Having selected those check boxes, reload the tab containing this notebook for the changes to take effect.

## `Load` & `open` .net packages using `Paket`

### Steps when running on Azure

#### Run once in a given Azure library to create script

In [3]:
#load "Paket.fsx"

When using Azure, run the following to generate the file `Paket.Generated.Refs.fsx`, to be `load`ed each time that the notebook is run with a fresh kernel. The file is put in either 
`/home/nbuser/IfSharp/bin` or 
`/home/nbuser/library`

The following installs the selected packages. It may take a minute to run on first use with a particular kernel.

In [4]:
Paket.Package
  [ "MathNet.Numerics"
    "MathNet.Numerics.FSharp"
    "FSharp.Data"
  ]

#### Run always for restarted kernel 

 `Load` the file `Paket.Generated.Refs.fsx` each time that the notebook is run with a fresh kernel when on Azure.

In [5]:
#load "Paket.Generated.Refs.fsx"

### Steps for local execution

In [21]:
// On Azure, use the (Unix) terminal window to find these files in ~/IfSharp/bin/
#r "packages/MathNet.Numerics/lib/net40/MathNet.Numerics.dll"
#r "packages/FSharp.Data/lib/net45/FSharp.Data.dll"
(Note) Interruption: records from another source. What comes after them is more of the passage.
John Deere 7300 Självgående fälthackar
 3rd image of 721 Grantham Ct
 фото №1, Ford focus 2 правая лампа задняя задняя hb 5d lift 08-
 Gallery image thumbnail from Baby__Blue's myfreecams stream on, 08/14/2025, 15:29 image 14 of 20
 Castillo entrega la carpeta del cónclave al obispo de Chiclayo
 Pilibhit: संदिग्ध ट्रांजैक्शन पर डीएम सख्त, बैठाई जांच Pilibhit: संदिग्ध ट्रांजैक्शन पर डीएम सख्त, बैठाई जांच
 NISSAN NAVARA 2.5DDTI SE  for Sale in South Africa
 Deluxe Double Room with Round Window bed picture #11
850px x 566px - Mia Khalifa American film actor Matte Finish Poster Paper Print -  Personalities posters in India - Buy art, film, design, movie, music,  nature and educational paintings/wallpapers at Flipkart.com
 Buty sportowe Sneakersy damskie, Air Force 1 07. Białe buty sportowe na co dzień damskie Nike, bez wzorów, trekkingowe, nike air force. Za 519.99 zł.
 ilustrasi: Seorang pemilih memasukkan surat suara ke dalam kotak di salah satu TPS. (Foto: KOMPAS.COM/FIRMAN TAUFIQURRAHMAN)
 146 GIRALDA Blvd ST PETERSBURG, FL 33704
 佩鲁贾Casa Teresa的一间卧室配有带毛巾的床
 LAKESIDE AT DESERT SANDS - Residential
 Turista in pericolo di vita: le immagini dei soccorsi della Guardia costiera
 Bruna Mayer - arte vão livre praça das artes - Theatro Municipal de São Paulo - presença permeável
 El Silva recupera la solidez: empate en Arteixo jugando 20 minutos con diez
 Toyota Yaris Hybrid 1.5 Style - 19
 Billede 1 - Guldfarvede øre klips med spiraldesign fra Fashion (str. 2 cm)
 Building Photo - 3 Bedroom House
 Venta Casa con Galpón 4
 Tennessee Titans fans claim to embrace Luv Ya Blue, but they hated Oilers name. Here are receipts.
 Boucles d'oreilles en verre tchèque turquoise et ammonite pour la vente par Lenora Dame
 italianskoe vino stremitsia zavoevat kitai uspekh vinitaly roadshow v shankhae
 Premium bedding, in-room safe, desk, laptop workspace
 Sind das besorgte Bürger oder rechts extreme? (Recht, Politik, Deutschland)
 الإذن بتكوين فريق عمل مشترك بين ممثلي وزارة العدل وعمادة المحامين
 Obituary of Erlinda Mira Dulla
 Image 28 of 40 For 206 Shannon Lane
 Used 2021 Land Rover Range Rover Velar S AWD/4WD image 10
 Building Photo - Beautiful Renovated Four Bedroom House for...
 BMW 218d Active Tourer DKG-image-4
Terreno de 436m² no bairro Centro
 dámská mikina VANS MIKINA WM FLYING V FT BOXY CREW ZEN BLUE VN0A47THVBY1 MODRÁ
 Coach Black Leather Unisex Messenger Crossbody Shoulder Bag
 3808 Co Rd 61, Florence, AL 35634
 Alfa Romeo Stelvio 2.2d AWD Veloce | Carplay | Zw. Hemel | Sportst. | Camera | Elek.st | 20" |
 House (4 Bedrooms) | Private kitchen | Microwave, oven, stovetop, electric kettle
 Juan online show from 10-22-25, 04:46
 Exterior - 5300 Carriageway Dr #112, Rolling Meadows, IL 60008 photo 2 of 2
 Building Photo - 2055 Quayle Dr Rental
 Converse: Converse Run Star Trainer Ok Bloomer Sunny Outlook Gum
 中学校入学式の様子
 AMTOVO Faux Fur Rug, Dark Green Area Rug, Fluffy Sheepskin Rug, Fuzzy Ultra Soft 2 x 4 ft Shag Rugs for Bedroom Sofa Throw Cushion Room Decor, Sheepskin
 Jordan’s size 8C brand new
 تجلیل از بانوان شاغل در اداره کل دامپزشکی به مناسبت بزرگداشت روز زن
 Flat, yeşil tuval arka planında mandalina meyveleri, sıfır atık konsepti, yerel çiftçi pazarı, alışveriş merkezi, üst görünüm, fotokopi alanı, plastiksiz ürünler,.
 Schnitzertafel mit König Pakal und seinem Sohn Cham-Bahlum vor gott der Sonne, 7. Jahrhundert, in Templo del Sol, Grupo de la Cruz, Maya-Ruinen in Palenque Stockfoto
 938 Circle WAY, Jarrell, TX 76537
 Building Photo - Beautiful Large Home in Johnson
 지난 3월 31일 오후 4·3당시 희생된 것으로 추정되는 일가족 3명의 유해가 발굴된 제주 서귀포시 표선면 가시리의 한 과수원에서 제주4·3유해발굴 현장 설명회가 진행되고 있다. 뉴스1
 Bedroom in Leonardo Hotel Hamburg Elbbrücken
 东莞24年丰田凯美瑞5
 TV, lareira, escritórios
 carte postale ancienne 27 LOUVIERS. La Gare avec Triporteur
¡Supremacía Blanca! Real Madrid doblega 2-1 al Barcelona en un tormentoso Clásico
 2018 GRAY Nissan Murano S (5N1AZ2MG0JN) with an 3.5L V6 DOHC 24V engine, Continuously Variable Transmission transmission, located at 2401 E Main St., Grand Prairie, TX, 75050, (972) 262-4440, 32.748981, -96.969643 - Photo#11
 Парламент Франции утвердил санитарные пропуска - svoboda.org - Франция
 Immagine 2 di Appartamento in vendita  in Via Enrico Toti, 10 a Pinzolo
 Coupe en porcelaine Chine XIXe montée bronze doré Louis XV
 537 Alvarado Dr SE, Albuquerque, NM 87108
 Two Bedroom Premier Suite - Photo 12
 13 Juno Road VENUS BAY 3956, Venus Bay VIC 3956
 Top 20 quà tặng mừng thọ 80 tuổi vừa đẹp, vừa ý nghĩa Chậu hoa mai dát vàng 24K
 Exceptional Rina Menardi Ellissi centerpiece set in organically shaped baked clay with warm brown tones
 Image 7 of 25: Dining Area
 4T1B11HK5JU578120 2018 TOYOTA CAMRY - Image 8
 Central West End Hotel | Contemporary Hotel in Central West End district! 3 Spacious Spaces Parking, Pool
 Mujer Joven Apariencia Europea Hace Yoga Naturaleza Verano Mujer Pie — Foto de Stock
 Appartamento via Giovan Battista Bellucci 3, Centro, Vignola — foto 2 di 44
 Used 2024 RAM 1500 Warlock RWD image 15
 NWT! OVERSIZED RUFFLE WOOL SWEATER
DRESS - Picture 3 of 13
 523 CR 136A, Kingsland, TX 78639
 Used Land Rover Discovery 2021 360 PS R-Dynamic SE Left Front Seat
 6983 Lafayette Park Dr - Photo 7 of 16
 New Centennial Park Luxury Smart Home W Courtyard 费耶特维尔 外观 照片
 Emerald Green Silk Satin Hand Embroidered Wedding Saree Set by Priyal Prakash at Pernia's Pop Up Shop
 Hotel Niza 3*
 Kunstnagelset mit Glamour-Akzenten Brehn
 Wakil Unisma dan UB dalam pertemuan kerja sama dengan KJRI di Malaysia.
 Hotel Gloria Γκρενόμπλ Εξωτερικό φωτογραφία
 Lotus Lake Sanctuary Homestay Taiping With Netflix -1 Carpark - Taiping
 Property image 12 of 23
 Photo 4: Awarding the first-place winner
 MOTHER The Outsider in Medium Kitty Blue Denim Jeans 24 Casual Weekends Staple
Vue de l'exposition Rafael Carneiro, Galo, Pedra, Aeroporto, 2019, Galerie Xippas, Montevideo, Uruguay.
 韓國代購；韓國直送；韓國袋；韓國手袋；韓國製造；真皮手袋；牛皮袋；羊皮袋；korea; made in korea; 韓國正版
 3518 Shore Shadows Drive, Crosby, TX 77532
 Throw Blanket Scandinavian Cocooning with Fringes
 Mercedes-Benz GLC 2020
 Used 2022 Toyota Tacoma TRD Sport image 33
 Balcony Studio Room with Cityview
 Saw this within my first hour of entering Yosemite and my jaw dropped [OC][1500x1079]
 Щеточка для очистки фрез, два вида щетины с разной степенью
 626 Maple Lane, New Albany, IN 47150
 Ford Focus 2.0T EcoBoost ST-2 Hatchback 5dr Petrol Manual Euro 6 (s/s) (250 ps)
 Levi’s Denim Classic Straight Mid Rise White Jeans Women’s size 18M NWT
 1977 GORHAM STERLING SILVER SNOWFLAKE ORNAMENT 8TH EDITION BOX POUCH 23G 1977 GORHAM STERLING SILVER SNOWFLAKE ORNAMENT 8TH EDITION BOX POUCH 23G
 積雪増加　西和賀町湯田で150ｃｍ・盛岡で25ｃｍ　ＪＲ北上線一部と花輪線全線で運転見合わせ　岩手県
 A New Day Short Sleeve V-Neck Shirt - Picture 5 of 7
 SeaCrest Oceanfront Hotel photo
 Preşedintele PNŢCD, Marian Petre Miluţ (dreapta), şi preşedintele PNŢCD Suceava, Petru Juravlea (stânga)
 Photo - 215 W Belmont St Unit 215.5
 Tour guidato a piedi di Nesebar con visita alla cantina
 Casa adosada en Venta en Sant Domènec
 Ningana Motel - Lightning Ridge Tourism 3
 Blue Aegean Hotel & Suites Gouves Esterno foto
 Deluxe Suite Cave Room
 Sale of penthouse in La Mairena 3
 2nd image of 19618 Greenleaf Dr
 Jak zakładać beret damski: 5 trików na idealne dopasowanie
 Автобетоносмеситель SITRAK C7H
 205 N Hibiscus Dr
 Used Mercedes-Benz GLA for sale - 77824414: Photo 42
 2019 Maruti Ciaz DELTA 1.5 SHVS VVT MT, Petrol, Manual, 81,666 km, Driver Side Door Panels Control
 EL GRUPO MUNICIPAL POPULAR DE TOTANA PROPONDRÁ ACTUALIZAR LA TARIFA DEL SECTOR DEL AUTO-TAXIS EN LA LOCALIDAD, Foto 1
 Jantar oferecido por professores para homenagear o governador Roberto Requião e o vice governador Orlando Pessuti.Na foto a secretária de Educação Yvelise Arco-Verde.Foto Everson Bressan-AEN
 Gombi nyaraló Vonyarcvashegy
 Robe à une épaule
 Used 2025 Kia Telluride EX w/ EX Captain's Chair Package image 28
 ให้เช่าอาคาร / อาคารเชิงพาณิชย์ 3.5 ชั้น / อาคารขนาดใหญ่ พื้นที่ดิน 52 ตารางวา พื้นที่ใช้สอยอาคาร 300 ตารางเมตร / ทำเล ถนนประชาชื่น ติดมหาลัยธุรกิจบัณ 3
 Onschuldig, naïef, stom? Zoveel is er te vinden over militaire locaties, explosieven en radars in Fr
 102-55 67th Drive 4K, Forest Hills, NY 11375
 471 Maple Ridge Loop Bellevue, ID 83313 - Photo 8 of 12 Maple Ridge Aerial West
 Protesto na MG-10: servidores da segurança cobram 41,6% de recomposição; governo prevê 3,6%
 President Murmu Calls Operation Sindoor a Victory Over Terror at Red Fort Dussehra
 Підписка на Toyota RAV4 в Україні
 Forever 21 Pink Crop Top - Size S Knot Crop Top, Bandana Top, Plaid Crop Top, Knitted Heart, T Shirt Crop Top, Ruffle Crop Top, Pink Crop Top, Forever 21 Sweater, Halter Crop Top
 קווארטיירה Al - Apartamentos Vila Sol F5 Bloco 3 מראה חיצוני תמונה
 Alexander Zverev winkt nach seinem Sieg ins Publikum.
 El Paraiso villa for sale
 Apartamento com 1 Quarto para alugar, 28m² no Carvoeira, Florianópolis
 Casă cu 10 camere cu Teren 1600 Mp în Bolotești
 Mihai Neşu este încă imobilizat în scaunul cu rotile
### Common steps for Azure or local execution

In [6]:
open System
open MathNet.Numerics
open FSharp.Data

## Define types, computation expressions, functions, models

### Define types & helper functions for outcomes, distributions

#### Utilities

In [7]:
let binSize = 1000.0

In [8]:
let roundToBin x =
  let m = x % binSize
  if m >= binSize/2.0 then // round up
    x + binSize - m
  else // round down
    x - m

#### `DistributionValue`

Whereas the Monty Hall problem has discrete outcomes (Car or Goat), this problem requires  distributions with continuous random variables taking values on the real line.

In [9]:
type DistributionValue = float

#### `Distribution`

The parameters for the distributions are `float`s

In [10]:
type Distribution = 
  | Gaussian of mean:float * variance:float
  | Bernoulli of probability:float

In [11]:
let salaries = Gaussian(1000.0, 200.0)
let mistake = Bernoulli(0.1)

#### `ProbabilisticComputation`

A `ProbabilisticComputation` is a (generic) union type consisting of either:
* `Sample` is a tuple of 
    * a `Distribution` (described by its parameters) and 
    * a function that maps an input of type `DistributionValue` (alias for `float`) to a `ProbabilisticComputation`
* `Return` is just an alias for the provided wrapped type `'T`

In [12]:
type ProbabilisticComputation<'T> = 
  | Sample of Distribution * (DistributionValue -> ProbabilisticComputation<'T>)
  | Return of 'T   

#### `ProbabilisticComputationBuilder`

The computation expression builder must implement the `Return` and `Bind` methods.
* **`Return`** Lifts a single value into the elevated world `a -> E<a>`
* **`Bind`**  Allows you to compose world-crossing (“monadic”) functions `(a->E<b>) -> E<a> -> E<b>`

In [13]:
type ProbabilisticComputationBuilder() = 
  member x.Return(v) = Return v
  member x.Bind(dist, f) = Sample(dist, f) 

In [14]:
let prob = ProbabilisticComputationBuilder()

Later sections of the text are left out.